Detroit resident Darrell Standberry doesn't navigate streets of the Motor City without his licensed handgun, and it already has saved his life once.
“I never leave home without my weapon,” he said. “You never know when or what you’ll encounter.”
It was 2011, when Standberry stopped at a gas station on Six Mile Road after attending his son’s football practice. After filling up the tank of his SUV, he left the car running and went inside to pay, only to spot a man jumping in behind the wheel.
“I went back over and told him to get out of my car," said Standberry, 46, aformer bar owner who is now a college student. "He told me to get the hell out of there and drove off.”
“I never leave home without my weapon. You never know when or what you’ll encounter.”
Standberry stood frozen as the bandit peeled away, but then felt his heart pound when the thief doubled back. His hand moved down to his hip and gripped a holstered, .45-caliber SIG Sauer as the man who had stolen his car bore down on him.
“I saw him pulling out his gun to shoot me,” Standberry recalled. “So I pulled my gun out and shot him.”
The shot went through the windshield and hit its target, a criminal with a long record who made a short-lived getaway before crashing into a tree and dying. Standberry’s claim of self-defense was never questioned by local cops.
In a city plagued by chronic unemployment and crime and guarded by a dwindling police force, residents of Detroit are increasingly taking protection of themselves, their families and property into their own hands. Those who do so responsibly have the blessing and backing of Detroit Police Chief James Craig.
“When you look at the city of Detroit, we’re kind of leading the way in terms of urban areas with law-abiding citizens carrying guns,” Craig said recently.
The chief's call to arms, which first came in December, 2013, has been answered by thousands of men and women tired of being victims and eager to reclaim their beleaguered city. In 2014, some new 1,169 handgun permits were issued, while 8,102 guns were registered with Detroit's police department - many to prior permit holders who bought new firearms. So for in 2015, nearly 500 permits have issued by the department and more than 5,000 guns have been registered.
“There’s definitely been a "Chief Craig" effect,” Rick Ector, a firearms instructor who runs the blog Legally Armed in Detroit. “His support and endorsement has been helpful.”
Obtaining a concealed-carry permit in the state of Michigan is not difficult compared to states with stricter gun laws.
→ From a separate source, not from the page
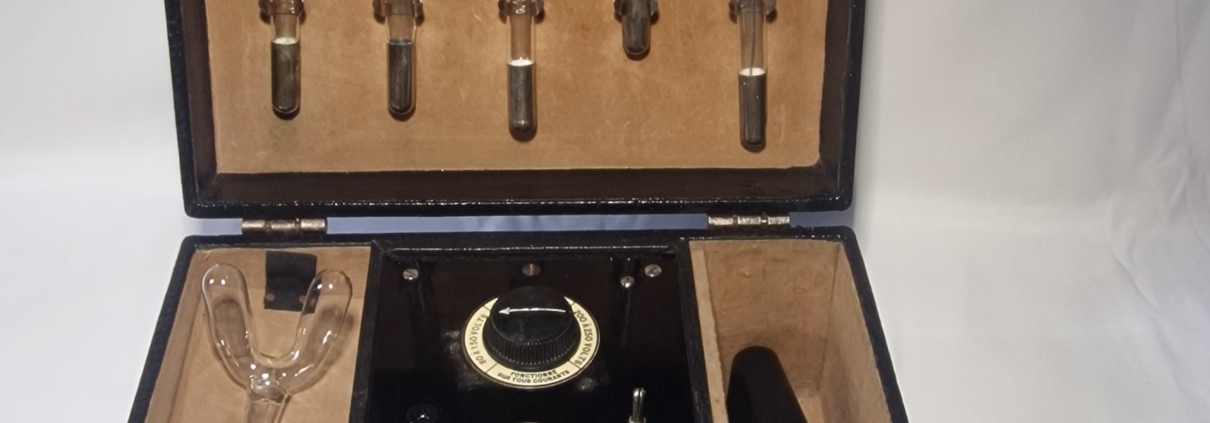 restored violet ray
Eligible citizens can meet the state's training requirement in eight hours, and firearms academies and gun shops within the city offer one-day courses for as little as $99.
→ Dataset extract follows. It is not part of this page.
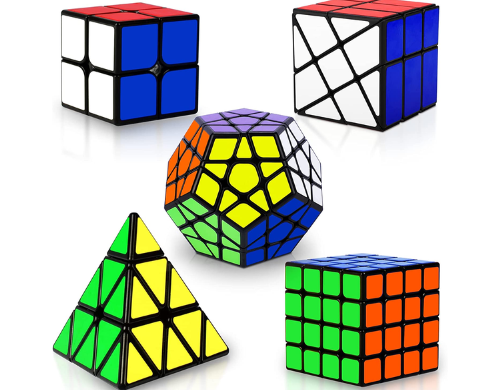 Rubix Cube Set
Ector said that he and other instructors have seen a steady rise in locals looking to get a permit, to protect themselves either on the street or in their homes. While data showing a relation between increased gun ownership and the crime rate is not available, Ector said legally armed residents are having an effect.
“Home invasions have gone down,” he said. “A huge reason was that there was a huge spate of homeowners using their guns against intruders. More people have guns and it’s making burglars cautious.”
The firearms instructor said women are driving growth in his business.
"It used to be that we would only have one or two women in a class,” he said. “Now we are seeing much, much more. This past May, I held a class where we trained 300 ladies.”
With a population of about 680,000, some 83 percent of which is African-American, Detroit's growing embrace of Second Amendment rights has a racial component that is not unique to the city. According to a recent survey from Pew Research Center, 54 percent of African-American residents nationwide now see legal gun ownership as more likely to protect people than to put their safety at risk. That figure was up from 29 percent two years ago.
“If anyone should have the right or need to carry a gun, it should be the African-American community,” Philip Smith, founder of the National African American Gun Association, told Reuters.
Standberry said his run-in with a car thief is proof that responsible and legal gun ownership is a key to surviving in Detroit.
“That day could have been much worse,” he said to FoxNews.com. “It could have been my life that was taken.”